JUDGMENT
V.K. Singhal, J.
1. All these ITRCS are disposed of by this common judgment. The dispute is in respect of the assessment years 1980-81 to 1990-91. A common statement of case has been forwarded by the Income-tax Appellate Tribunal referring the following question of law, arising out of its order :
“Whether, on the facts and in the circumstances of the case, the Appellate Tribunal was right in law in holding” that the assessee-firm is required to be considered as a genuine firm and also entitled to business activity which gives rise to business income ?”
2. The facts as stated by the Tribunal are that a piece of land admeasuring 11,578.80 sq. ft. situated in the cantonment area of Belgaum City was originally taken on lease for a period of about 90 years by Sutaria Automobiles Pvt.
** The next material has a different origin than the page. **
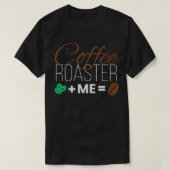 Coffee Roaster I Coffee Roasting Roaster Coffee Dr Tシャツ (デザイン正面)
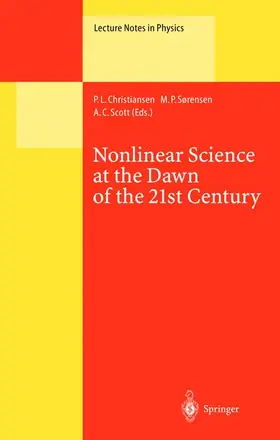 Christiansen / Scott / Sorensen |  Nonlinear Science at the Dawn of the 21st Century | Buch |  Sack Fachmedien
Ltd., after making an agreement with the Governor-General of India on February 24, 1948. This property was sub-leased in favour of the assessee, Shah Brothers, as per lease deed dated July 30, 1979. The assessee is a firm whose main business activity was that of leasing out of land, putting up a structure thereon and to let them on hire. It has been collecting the annual rent from the properties and apportioning it to the signatories of the partnership as per agreement entered into by it. The assessee claimed registration under Section 185 of the Income-tax Act, 1961, which was rejected by the assessing authority on the ground that no business activity was there. Aggrieved by this, the assessee-firm appealed before the first appellate authority who allowed the appeal thereby cancelling the order under Section 186 in which the Assessing Officer had cancelled registration.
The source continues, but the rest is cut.